§ **TASK TO COMPLETE**
Locate every line in the records below that holds the word "Small" and return each one.

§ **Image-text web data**
★ ★ ★

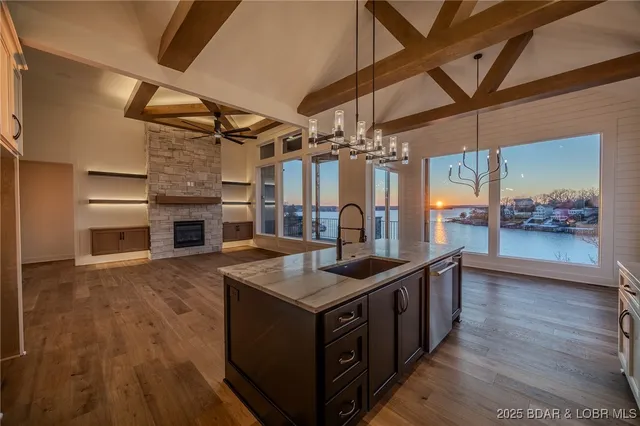 $2,240,000 | 31280 Los Breezes Circle, Rocky Mount, MO 65072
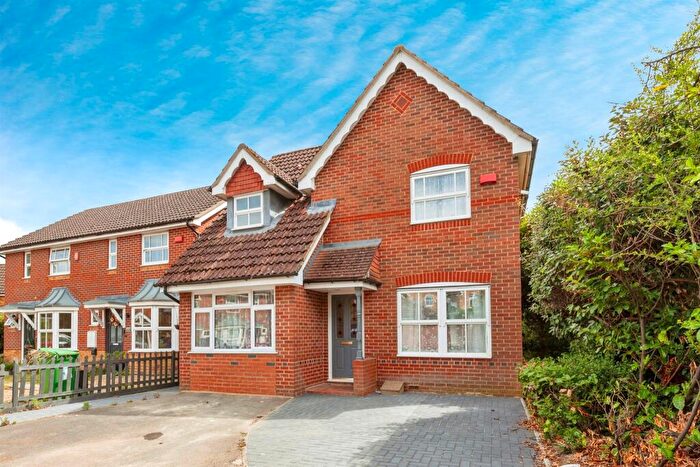 4 Bedroom Detached House For Sale In Moor Furlong, Slough, SL1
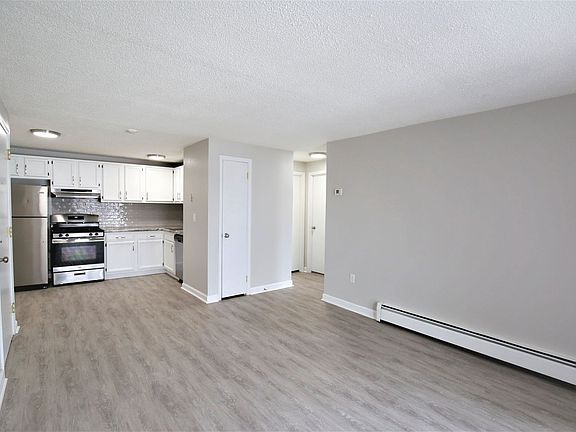 5th image of 151 Wood St #17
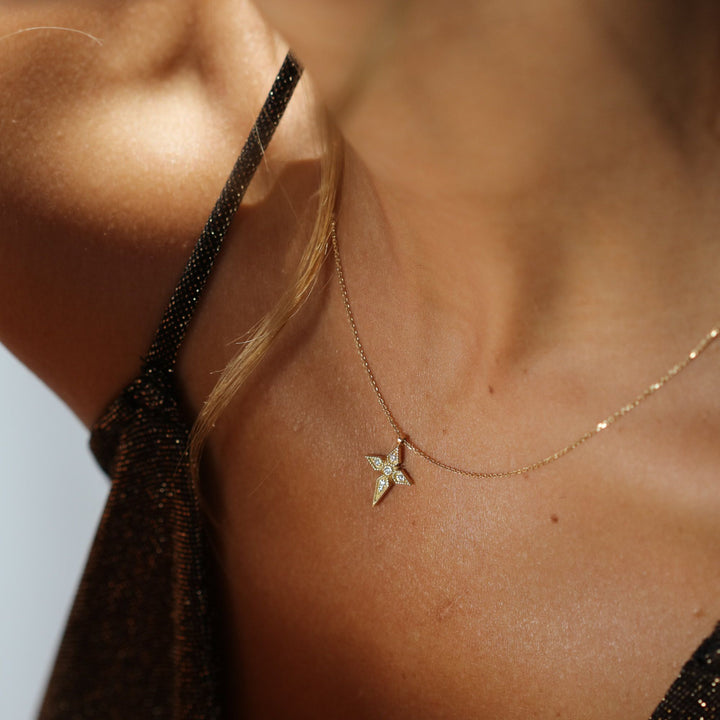 Saintes Single 18K Gold Necklace w. Diamonds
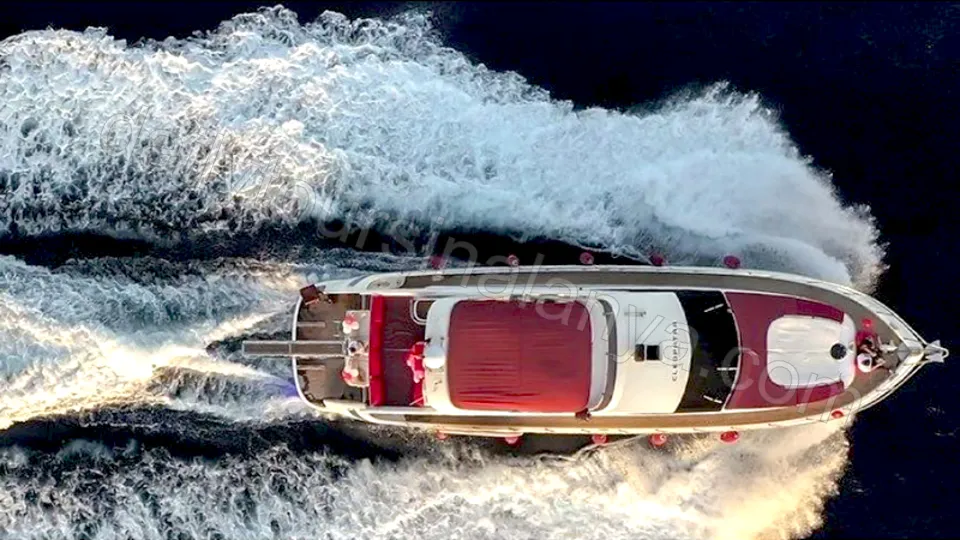 Cleopatra Luxury photo 8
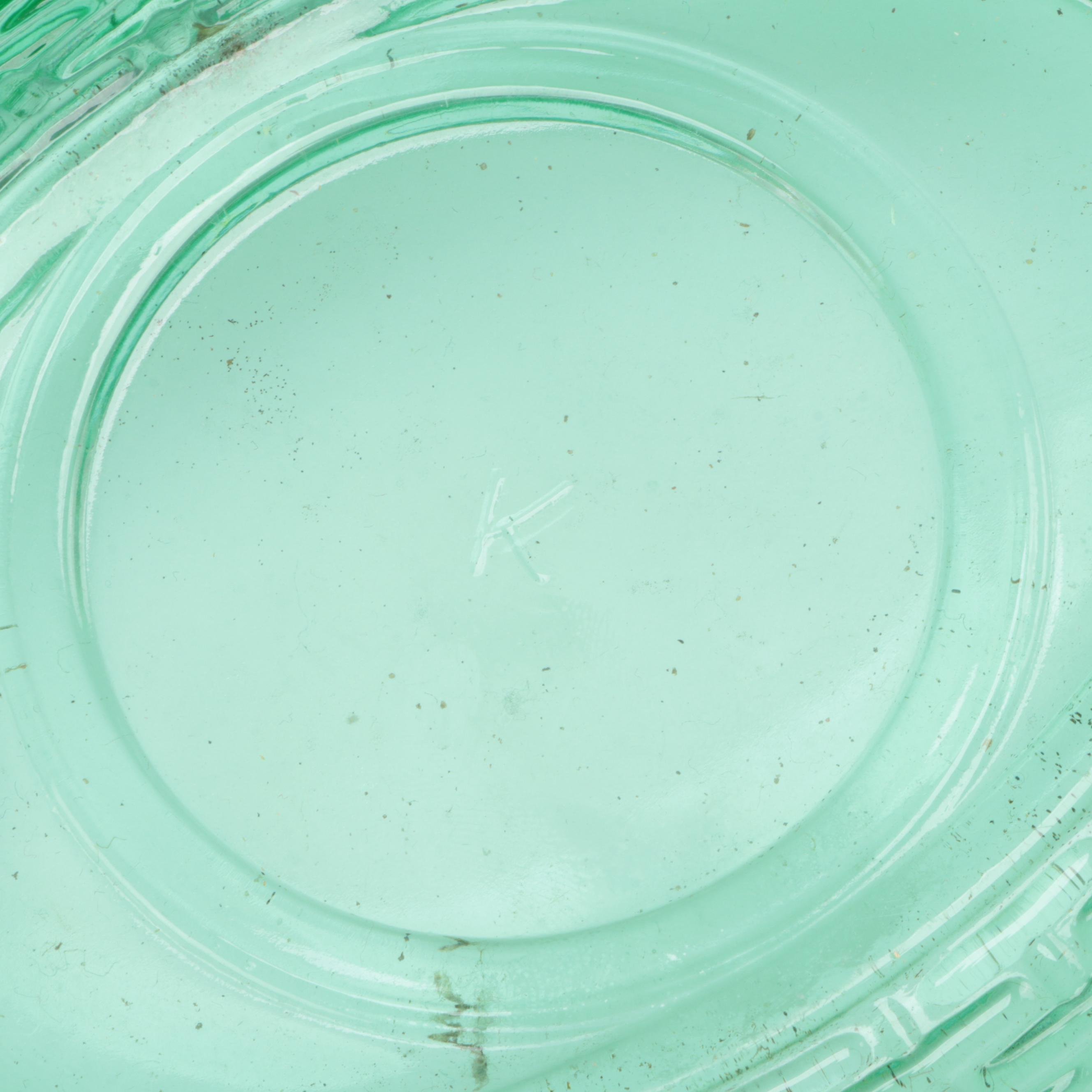 Fenton Hand-Painted Emerald Green Glass Décor with Other Hen on Nest Dish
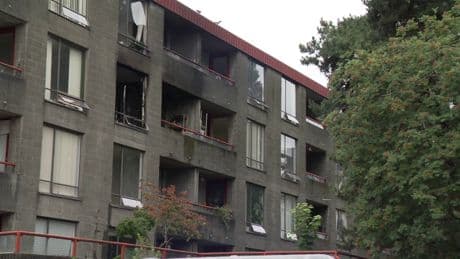 Fire in Vancouver’s West End displaces 22 people, sends 3 to hospital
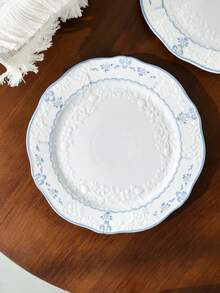 1pc/2pcs Vintage French Blue Floral Embossed Ceramic Plate, Dessert Plate, Western Dinner Plate, Steak & Pasta Plate, Fruit Salad Plate, Cake Plate, Household Dining Plate, Holiday Gift For Family And Friends - Multicolor - View 6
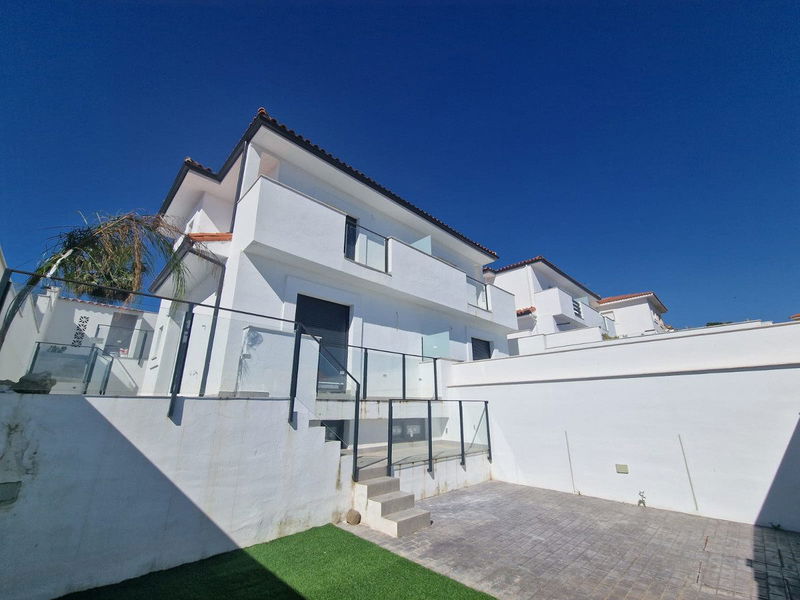 Semi-Detached House in Manilva, Costa del Sol – 2 beds – 385000 €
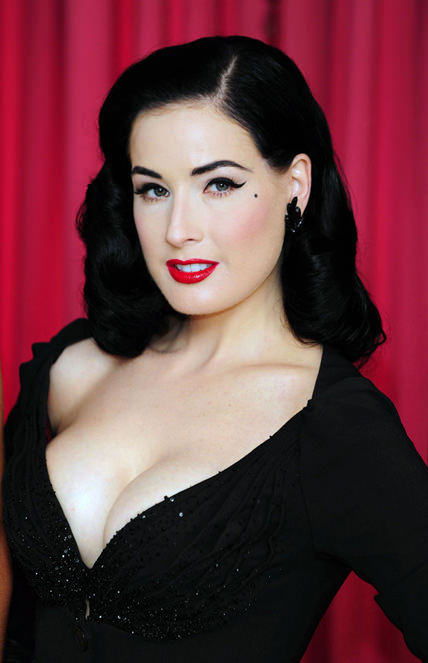 Dita Von Teese para Wonderbra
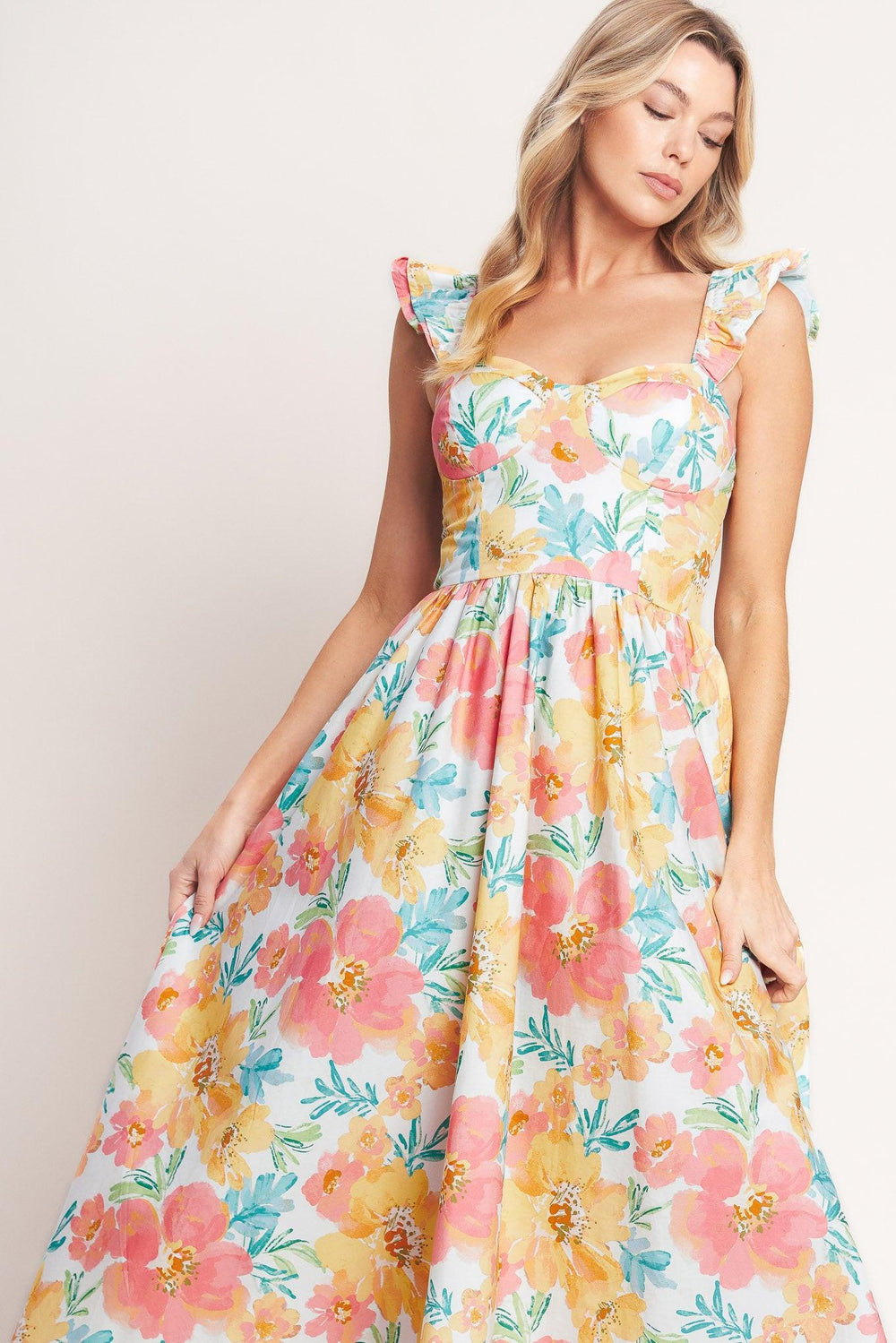 A printed woven midi dress featuring sweetheart neckline, double ruffle sleeve, bra cup, full skirt and smocked back bodice

Details:

Self: 100% Cotton

Lining: 100% Polyester

Size & Fit

-Model is 5`8" And Wearing Size Small
-Measurements Taken From Size Small
-Approx. Length: 48"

★ ★ ★

§ **RESULT OF THE EXERCISE**
-Model is 5`8" And Wearing Size Small
-Measurements Taken From Size Small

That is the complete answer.